分をわきまえるというのは、ひたすら卑小な存在として相手に対し一方的に譲歩したりおもねたり、へつらう事ではない。

逆説的に言えば……自分の分をわきまえてない人は総じて強い者(声が大きい人)に対しては徹底的に卑屈である。また相手が自分より弱いと踏めば意味のない不遜さで以てやたら高圧的な態度にも打ってでる。

自分の『分というもの』は自分と外界との関係性を極めて冷静に客観的に分析した上で初めて理解されるモノだと思う。
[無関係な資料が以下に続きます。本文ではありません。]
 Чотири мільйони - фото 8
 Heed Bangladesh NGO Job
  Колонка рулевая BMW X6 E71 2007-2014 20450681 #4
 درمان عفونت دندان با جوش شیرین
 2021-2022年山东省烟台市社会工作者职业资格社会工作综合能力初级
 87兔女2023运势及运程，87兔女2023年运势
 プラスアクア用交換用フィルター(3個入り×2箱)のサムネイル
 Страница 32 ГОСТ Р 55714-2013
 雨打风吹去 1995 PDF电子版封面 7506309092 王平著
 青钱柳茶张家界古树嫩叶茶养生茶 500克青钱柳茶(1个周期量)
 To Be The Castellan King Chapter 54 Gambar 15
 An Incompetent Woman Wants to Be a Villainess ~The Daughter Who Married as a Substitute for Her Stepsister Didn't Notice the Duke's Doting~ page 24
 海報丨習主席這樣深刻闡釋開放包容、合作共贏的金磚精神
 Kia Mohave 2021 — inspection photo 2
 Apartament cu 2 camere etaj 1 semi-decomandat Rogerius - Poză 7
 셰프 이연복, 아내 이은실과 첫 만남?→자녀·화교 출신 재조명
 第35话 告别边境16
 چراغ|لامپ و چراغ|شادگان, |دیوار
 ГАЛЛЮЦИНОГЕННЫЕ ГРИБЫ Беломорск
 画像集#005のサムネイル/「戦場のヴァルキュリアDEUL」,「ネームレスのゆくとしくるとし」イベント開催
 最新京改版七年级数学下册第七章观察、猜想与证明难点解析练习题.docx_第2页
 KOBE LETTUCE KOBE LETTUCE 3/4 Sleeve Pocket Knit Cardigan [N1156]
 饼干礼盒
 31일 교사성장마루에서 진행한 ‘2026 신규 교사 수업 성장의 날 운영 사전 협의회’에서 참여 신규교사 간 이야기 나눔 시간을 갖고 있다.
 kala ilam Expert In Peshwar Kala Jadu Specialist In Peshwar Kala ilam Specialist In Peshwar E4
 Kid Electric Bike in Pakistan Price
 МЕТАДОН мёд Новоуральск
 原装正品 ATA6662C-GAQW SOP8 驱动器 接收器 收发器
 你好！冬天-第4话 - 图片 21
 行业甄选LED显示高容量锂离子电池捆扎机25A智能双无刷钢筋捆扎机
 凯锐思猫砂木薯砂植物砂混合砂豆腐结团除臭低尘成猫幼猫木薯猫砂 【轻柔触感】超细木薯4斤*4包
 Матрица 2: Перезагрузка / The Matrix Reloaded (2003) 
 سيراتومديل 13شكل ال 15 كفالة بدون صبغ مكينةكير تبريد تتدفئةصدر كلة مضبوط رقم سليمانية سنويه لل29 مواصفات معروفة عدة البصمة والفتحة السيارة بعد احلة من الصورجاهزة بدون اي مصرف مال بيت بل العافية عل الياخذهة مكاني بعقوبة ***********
分をわきまえるという『冷静な態度の自己評価』は相手によって態度が変わる事は無い。
理不尽な振る舞いをする相手には毅然と対応するのも分をわきまえているが故の態度なのである。

自分に道徳的落ち度はない!との確信を持っている事もまた分をわきまえている証左なのである。同時にまた自分の至らなさも認知しているから弱者に対しても傲(おご)ることなく淡々と接する事が出来る。

必要以上に相手を貶めるなんて暴挙は必ず自分の分をわきまえていない人が……演る。
『自分の分をわきまえる』という『冷徹な自己評価』は変わらぬ信念と裏表を成しており、揺るがない。いわばその人の心の奥座敷といったモノなのである。

分をわきまえていない人はこの心の奥座敷を持っていないのである。
心から大切にする自分の心というものを知らないから直ぐ舞い上がり、人の奥座敷にいきなり牛を連れ込む様な愚行を繰り返すのである。

何時も自分の感情が自分を取り仕切っているから、自分が行う事の善悪も卑劣も卑怯も全てスルーとなってしまうのである。
感情は何の根拠もなく何時だって自分を正当化するものだからである……。

自分の心に誇りを持って生きてる人が……そんな人から傍若無人な振る舞いを受けても沈黙を守るのは……その野蛮人が怖いからでは断じてない。

その野蛮人の行いの最初から最後まで全てが既に自ら『語るに落ちている』からなのである。